No one likes us-I don't know why
We may not be perfect, but heaven knows we try
But all around, even our old friends put us down
Let's drop the big one and see what happens

We give them money-but are they grateful?
No, they're spiteful and they're hateful
They don't respect us-so let's surprise them
We'll drop the big one and pulverize them.
It’s a more closely reasoned version of John McCain’s “Bomb, bomb Iran.”

Most of Newman’s characters are not people like us or like him. But he makes us have some sympathy with them despite their distasteful ideas, even the anti-Semitic, anti-elitist, racist voice of “Rednecks.”* Instead of “Ebony and Ivory,” it’s Ambivalence and Irony.

The ambivalence haunts even the love songs, like “Marie,” which seems merely beautiful until you listen to the lyrics and realize that this guy is a cad.
And I'm weak and I'm lazy
And I've hurt you so
And I don't listen to a word you say
When you're in trouble I just turn away
And yet, his feeling is real.

In “The World Isn’t Fair,” the narrator drops his child off at an exclusive school and imagines a conversation with Marx
All the young mommies were there,
Karl, you never have seen such a glorious sight
as these beautiful women arrayed for the night
just like countesses, empresses, movie stars and queens
And they'd come there with men much like me –
Froggish men, unpleasant to see
It’s like Harold Brodkey’s line, “To see her in sunlight was to see Marxism die.”

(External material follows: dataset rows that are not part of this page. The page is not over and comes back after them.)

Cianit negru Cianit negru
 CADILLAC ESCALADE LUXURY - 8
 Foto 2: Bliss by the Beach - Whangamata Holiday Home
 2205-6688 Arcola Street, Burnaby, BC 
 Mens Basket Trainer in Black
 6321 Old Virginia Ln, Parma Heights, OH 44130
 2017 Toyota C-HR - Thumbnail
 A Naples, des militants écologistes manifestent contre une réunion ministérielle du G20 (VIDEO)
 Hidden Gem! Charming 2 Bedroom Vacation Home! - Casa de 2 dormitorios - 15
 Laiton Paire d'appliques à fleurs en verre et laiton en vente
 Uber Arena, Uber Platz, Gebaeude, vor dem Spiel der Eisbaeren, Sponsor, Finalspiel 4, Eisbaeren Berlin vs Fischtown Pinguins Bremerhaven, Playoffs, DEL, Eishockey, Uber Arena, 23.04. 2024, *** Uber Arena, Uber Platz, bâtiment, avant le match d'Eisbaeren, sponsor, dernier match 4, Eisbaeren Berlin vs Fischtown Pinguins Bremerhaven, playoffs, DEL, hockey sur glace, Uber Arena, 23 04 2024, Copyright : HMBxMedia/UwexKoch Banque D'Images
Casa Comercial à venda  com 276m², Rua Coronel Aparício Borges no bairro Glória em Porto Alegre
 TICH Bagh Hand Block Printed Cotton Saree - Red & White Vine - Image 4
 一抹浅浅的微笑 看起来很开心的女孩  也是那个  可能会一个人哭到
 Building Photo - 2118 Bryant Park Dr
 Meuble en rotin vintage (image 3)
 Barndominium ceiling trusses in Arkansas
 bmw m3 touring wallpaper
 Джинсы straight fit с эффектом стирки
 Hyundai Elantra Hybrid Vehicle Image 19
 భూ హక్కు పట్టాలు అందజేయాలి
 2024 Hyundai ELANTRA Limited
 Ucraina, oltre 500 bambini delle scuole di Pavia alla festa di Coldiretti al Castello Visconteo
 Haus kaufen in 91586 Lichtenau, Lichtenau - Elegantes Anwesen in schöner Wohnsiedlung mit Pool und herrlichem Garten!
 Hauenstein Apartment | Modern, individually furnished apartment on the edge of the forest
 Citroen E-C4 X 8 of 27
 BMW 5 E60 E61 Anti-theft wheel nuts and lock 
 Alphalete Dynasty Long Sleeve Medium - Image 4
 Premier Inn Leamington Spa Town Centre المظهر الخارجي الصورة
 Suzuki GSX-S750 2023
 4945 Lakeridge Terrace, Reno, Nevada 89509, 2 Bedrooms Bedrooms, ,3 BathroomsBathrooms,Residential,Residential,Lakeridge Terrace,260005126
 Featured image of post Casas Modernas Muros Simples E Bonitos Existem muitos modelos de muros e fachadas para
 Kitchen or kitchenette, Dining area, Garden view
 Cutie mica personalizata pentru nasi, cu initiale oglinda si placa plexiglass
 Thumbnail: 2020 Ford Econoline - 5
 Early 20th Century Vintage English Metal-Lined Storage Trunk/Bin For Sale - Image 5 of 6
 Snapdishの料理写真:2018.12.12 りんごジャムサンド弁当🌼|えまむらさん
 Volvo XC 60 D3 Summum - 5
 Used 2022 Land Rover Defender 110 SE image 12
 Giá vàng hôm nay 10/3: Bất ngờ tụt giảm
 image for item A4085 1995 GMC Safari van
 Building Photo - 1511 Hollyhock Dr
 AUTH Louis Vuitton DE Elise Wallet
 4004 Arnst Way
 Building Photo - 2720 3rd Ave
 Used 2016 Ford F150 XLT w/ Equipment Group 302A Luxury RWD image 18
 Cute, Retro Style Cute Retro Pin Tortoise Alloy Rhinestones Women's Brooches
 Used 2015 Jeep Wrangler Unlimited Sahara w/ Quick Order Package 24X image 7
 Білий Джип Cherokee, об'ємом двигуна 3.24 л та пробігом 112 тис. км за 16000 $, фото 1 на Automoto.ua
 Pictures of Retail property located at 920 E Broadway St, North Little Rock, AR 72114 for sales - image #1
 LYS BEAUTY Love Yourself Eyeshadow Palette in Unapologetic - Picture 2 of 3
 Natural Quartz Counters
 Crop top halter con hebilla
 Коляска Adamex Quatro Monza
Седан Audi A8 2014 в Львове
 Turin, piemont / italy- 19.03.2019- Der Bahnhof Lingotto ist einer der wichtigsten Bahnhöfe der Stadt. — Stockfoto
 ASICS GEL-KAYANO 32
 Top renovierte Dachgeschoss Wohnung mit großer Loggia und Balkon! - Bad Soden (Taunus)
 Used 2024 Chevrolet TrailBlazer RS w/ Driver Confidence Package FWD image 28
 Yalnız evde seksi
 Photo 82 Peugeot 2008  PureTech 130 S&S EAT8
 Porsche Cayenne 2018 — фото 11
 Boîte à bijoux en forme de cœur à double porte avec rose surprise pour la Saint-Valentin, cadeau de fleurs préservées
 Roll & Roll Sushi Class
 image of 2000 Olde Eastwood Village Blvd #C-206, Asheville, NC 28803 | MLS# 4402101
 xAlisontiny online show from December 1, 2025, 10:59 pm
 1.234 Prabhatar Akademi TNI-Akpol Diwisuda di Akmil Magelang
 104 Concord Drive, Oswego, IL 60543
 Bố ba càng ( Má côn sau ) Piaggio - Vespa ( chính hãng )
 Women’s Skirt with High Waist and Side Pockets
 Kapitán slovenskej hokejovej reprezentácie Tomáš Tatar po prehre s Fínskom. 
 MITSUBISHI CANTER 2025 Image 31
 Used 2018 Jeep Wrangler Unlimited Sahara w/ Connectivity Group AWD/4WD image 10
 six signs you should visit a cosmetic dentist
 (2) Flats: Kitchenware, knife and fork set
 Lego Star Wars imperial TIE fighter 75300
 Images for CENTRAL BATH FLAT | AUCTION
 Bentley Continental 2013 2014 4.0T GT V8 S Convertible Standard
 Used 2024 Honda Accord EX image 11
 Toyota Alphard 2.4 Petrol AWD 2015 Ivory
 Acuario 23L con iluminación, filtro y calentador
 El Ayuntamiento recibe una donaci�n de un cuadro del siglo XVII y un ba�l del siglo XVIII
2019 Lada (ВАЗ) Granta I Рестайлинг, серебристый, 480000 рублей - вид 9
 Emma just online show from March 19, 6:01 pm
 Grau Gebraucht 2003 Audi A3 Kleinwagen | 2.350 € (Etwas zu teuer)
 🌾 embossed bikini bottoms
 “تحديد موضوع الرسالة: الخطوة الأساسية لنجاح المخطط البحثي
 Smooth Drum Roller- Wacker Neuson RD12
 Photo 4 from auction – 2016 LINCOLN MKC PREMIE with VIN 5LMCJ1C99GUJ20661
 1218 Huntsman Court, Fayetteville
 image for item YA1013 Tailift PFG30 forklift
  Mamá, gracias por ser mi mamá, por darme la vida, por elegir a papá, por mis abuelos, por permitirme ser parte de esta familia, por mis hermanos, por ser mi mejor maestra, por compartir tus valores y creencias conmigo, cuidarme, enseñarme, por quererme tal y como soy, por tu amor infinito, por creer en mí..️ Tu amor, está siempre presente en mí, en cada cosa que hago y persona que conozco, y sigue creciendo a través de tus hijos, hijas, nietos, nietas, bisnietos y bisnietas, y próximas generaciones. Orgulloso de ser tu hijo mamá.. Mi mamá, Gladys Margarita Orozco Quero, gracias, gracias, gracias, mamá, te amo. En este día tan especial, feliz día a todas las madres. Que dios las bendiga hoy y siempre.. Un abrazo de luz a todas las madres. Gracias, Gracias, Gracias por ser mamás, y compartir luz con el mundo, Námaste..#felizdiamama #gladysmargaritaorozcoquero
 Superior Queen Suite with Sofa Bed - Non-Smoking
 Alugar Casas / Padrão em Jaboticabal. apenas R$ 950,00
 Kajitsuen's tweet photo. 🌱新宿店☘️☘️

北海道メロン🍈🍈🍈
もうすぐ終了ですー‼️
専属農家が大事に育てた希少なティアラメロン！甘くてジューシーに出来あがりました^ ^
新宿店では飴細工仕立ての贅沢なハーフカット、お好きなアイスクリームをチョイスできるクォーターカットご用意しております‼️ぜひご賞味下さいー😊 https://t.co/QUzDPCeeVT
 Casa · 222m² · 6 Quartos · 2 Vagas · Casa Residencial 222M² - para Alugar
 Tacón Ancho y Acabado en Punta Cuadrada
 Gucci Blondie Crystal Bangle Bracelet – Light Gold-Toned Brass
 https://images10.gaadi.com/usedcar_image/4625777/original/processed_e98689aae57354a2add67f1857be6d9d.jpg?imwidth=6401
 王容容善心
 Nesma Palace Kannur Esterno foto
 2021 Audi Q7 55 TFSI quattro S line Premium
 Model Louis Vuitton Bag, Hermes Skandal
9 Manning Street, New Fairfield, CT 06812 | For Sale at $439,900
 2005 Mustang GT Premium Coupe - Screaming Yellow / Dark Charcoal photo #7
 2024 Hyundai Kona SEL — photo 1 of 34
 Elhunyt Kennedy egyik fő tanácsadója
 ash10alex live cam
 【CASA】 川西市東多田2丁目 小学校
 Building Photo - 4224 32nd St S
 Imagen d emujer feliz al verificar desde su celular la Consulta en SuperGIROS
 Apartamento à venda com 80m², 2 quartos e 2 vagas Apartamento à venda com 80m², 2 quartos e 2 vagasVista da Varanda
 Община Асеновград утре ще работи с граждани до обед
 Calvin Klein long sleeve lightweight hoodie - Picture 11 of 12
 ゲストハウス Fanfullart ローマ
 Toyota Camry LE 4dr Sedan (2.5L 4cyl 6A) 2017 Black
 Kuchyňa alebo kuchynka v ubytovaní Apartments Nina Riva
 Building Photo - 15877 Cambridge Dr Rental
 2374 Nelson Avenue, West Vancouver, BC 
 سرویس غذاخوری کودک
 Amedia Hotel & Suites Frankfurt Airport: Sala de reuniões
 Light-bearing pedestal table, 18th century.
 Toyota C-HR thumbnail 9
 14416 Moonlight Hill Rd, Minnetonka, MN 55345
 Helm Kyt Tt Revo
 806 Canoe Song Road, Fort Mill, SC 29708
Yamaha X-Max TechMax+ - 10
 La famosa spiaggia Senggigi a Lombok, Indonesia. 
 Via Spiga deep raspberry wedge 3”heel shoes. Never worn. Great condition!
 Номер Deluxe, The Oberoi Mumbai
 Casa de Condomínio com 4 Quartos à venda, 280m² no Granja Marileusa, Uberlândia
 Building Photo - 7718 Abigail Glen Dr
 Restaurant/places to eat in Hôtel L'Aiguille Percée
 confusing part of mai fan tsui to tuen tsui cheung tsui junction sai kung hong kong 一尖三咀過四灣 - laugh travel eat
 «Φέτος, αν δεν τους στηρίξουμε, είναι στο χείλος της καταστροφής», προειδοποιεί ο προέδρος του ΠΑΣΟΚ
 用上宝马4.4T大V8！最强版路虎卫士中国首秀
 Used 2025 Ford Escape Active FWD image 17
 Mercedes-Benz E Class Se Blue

I just saw Newman in concert at Carnegie Hall, so I could go on. But I realize this might not be what younger, blogger-rockers are looking for. (“My demographic,” Newman told the audience, “is white males, fifty-two to fifty-five.”) You can see Newman doing most of the songs he did at Carnegie Hall by going to YouTube and searching for the concert he did in Stuttgart two years ago. But to hear his more recent political song, “A Few Words in Defense of Our Country,” catch him at the MacWorld expo.


* “Rednecks” is another song from the 70s that could have been written last week (except maybe for the refrain line about “keepin’ the niggers down”; even rednecks don’t speak that explicitly today).